Ok, so at present I am waiting until Monday until the parts arrive for me to assemble a new Vista PC for me. This has been a long time coming and frankly I don't know how I'm going to make it through the weekend since UPS doesn't deliver on the weekend and the package will be sitting not an hour's drive away from here for the next two days!

Since my development of my XNA game is on hold until that PC is up and running ( mostly cause I'm sick of developing on 6-year-old DX8 hardware), I've decided to make myself a little project for the weekend and that is the beginnings of a physics component. I've seen this requested on the XNA forums and my plans are that if I get this working and it is somewhere near publishable I will release both source and assemblies for the public to download. As such, I'm taking my time and trying to comment and document as much as I can while still making reasonable progress.

So far what I've got going:

• Active and passive rigid bodies. These are presently held in a custom collection I designed to make handling rigid bodies easier. Actual collisions have yet to be coded. Planning on adding support to use any combination of: BoundingSpheres, BoundingBoxes, and Models to handle collisions. First two will be easy, Models not so much.
• Extensible fields system such as gravity, vortex, wind (keeping it simple for now, these are relatively simple to add).
• Some kind of dynamic system will be added later on for springs and such.

I hope to have a video demo up tomorrow night since I'm going to implement some simple BoundingBox collisions first and see how that goes.

Keep an eye out for it ;)

Not gonna post it in full here cause I'm lazy but I submitted an article at Ziggyware's

Introduction to Matrices in XNA

Understanding matrices is a fundamental part of creating effective games in XNA. Matrices particularly flex their muscle when you're working in full 3D space, however, the math behind them can be daunting. Fortunately, XNA provides most of the functionality for matrices that you will ever need without having to worry about the complicated math behind that functionality. However, it is necessary to have an understanding of what this functionality is actually doing in order to apply it correctly in your code. This article is rather long winded, but I'm trying to give a thorough explanation which will allow you to fully grasp the power of matrices.

Also I've been rather busy lately with my code, I've once again changed my mind on what I intend to do (I've been working on developing the basics of an engine so far, not worrying about content yet).
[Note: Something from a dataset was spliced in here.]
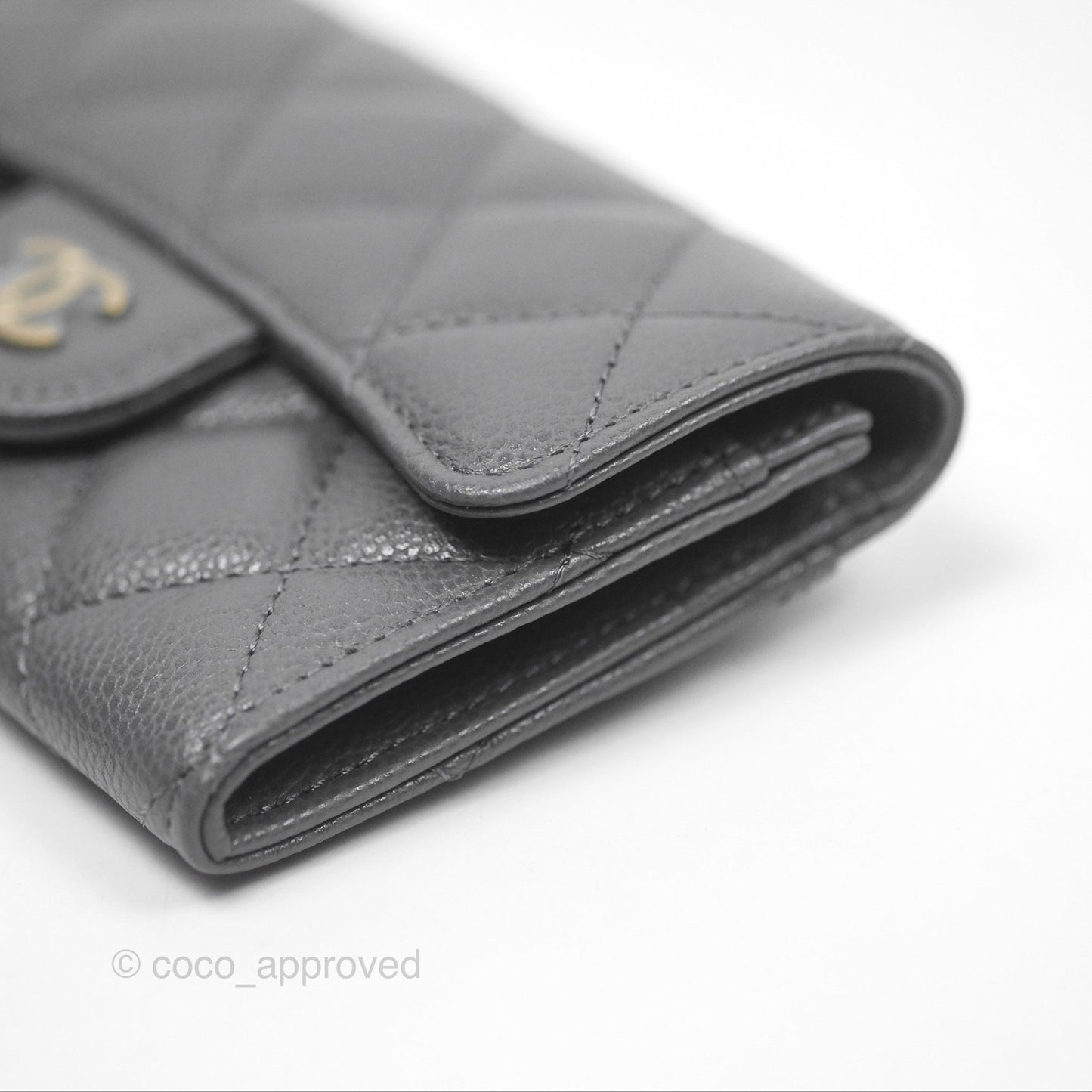 Chanel Classic Flap Card Holder Dark Grey Caviar Gold Hardware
I'm back to working on an RTS game since I don't feel like dealing with FPS code at the moment.

So by now everyone is very happy I'm sure of the release of XNA Refresh. It comes with a slew of additions to the framework that everyone has been clamoring for. Particularly font, 3d audio, and Model vertex reading support.

I've been putting off my GUI because I didn't want to redesign once the XNA team's font support came out, here's the first trick I created, to help myself with my GUI: autoformatting multiple lines of text. If you look into the documentation it says that the new text functionality will go the a new line with the text if the '\n' character is found. However, this makes for some static game design. What if I want the text block to be wider? Well, the way to do this is to add '\n' characters at runtime. Here's the little method I developed to do this:

public static void SetTextWidth( ref string text, SpriteFont spriteFont, float width )
{
    // get a vector representing the size of our string
    Vector2 textSize = spriteFont.MeasureString( text );

    // if text already fits, don't do anything
    if ( textSize.X < width )
        return;

    // remove existing newline chars in case it has already been formatted
    text = text.Replace( "\n", "" );

    // loop through all characters in string, if a character extends past our width
    float lineTotal = 0;
    float wordTotal = 0;
    int charCount = 0;
    int i = 0;
    do
    {
        // if we find whitespace, we're reached the end of a word
        if ( char.IsWhiteSpace( text, i ) )
        {
            // measure the length of the word
            wordTotal = spriteFont.MeasureString( text.Substring( i - charCount, charCount ) ).X;
            // if the word extends past our width, we insert
            // a \n before the word to pop it to the next line
            if ( ( lineTotal + wordTotal ) > width && lineTotal != 0 )
            {
                text = text.Insert( i - charCount, "\n" );
                lineTotal = wordTotal;
                charCount = 0;
            }
            // otherwise the word fits on our current line
            else
            {
                lineTotal += wordTotal + 1;
                charCount = 0;
                i++;
            }
        }
        else
        {
            charCount++;
            i++;
        }             
    } while ( i < text.Length );
}

Now this method isn't entirely robust, for instance it won't hyphenate words that are too long to fit on a single line, instead it just prints the whole word out, extendeding past our designated width. Feel free to change this, but for my case I wasn't concerned about being able to print 30 character words correctly (and I hope, netiher are you for your gamer's sake ;) ).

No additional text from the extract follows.